In 2016, a little over a year after the release of Laudato Si’, I thought I had left the Catholic Church far behind. I was 22 years old, had just moved to New York City and viewed Catholicism with a mix of anger and confusion. I could not, I thought, untangle my faith from the history of colonialism and imperialism that are woven into the legacy of the Church.
In New York, I started working for an environmental non-profit called the New York Restoration Project. They put me to work in Highbridge Park — a long, thin sliver of wild land that cuts through the steel and concrete flesh of Manhattan for almost 50 blocks, from 155th Street in Harlem to just below 201st Street in Inwood, one of the northernmost neighbourhoods in Manhattan, where the island descends into the ocean.
Highbridge Park sits on the heights, the lofty ridges that adorn northern Manhattan, affording awesome views of the Harlem River and the Bronx.
Yet, just like the city on which it perches like a brooding sentinel, Highbridge intertwines both the sacred and the profane into seemingly inextricable knots. It is a place where people come to do what in other places is taboo — whether that is to worship spirits, both beneficent and malevolent, to sacrifice animals, to shoot up, to live when there is nowhere else to go, to hide stolen goods and even to murder and bury the bodies of their victims.
People perform such acts in Highbridge because it is not a typical forest. It is a place that is infested with one of nature’s most enigmatic parasites: vines.
In Highbridge, vines grew rampant, seeming to choke every tree they could wrap themselves around and thereby consume the forest.

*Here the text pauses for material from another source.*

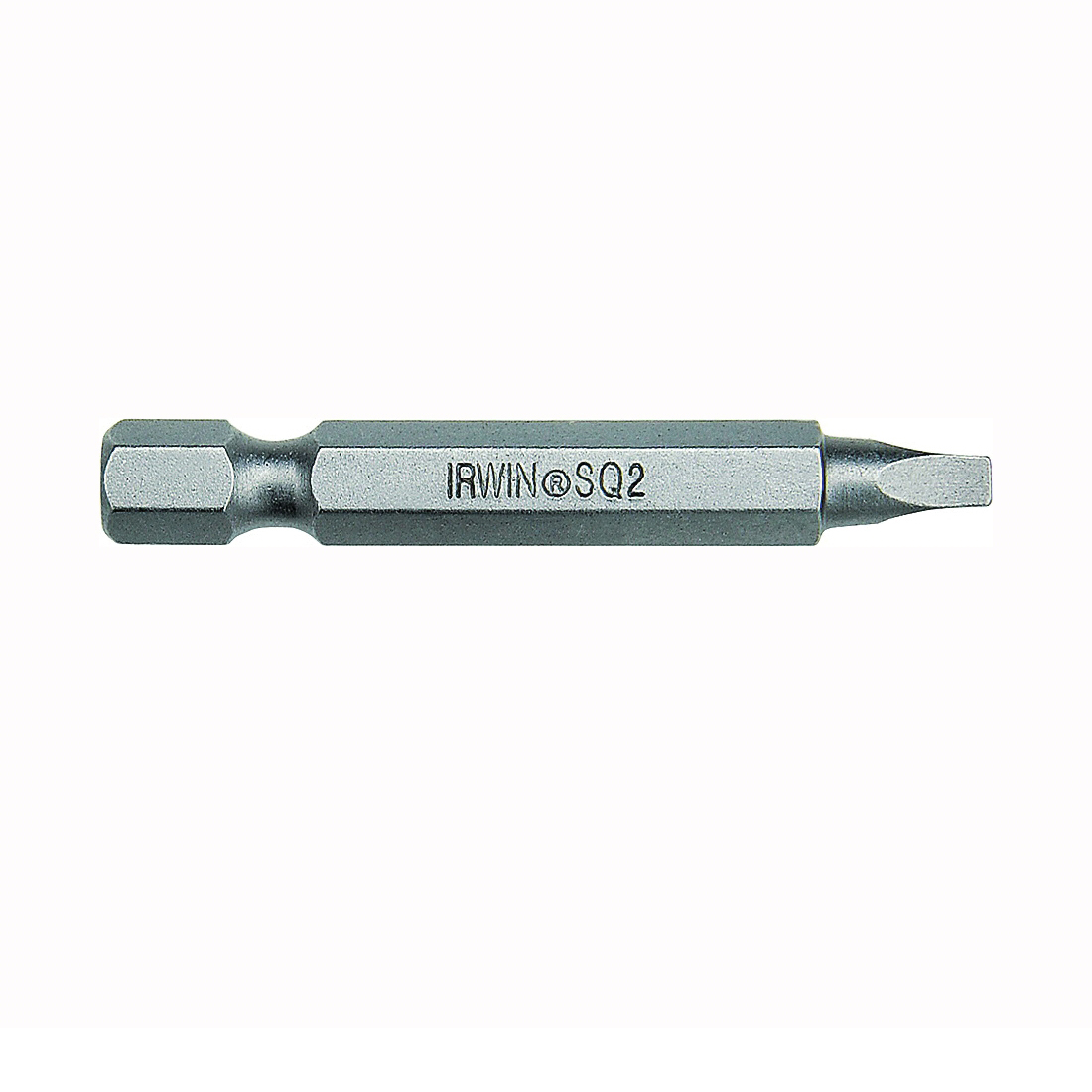 Irwin 3522051C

I remember seeing vines as thick as pythons encircle trunks like fingers around a helpless throat. Because of their density, the vines obscured what was happening in the forest to the outside observer, allowing people privacy and sanctity to engage in both sacred and profane rituals and activities. My job, along with my crew, was to unwind these vines, trace them back to their roots and then dig them out. After doing so, we would plant native trees in an effort to restore balance to the forest.
As I did this work of physical untangling, I felt the old cynical prejudices strangling my faith begin to uncoil. Miraculously, I began to pray again — something I had not done seriously in years — at first alone, then with others of my crew.
“Around these community actions” Pope Francis articulates in Laudato Si’, “relationships develop or are recovered and a new social fabric emerges.” Ecological and spiritual restoration are not separate endeavours. They are interwoven into this “new social fabric,” threading together the mending of Mother Earth with the healing of the human soul.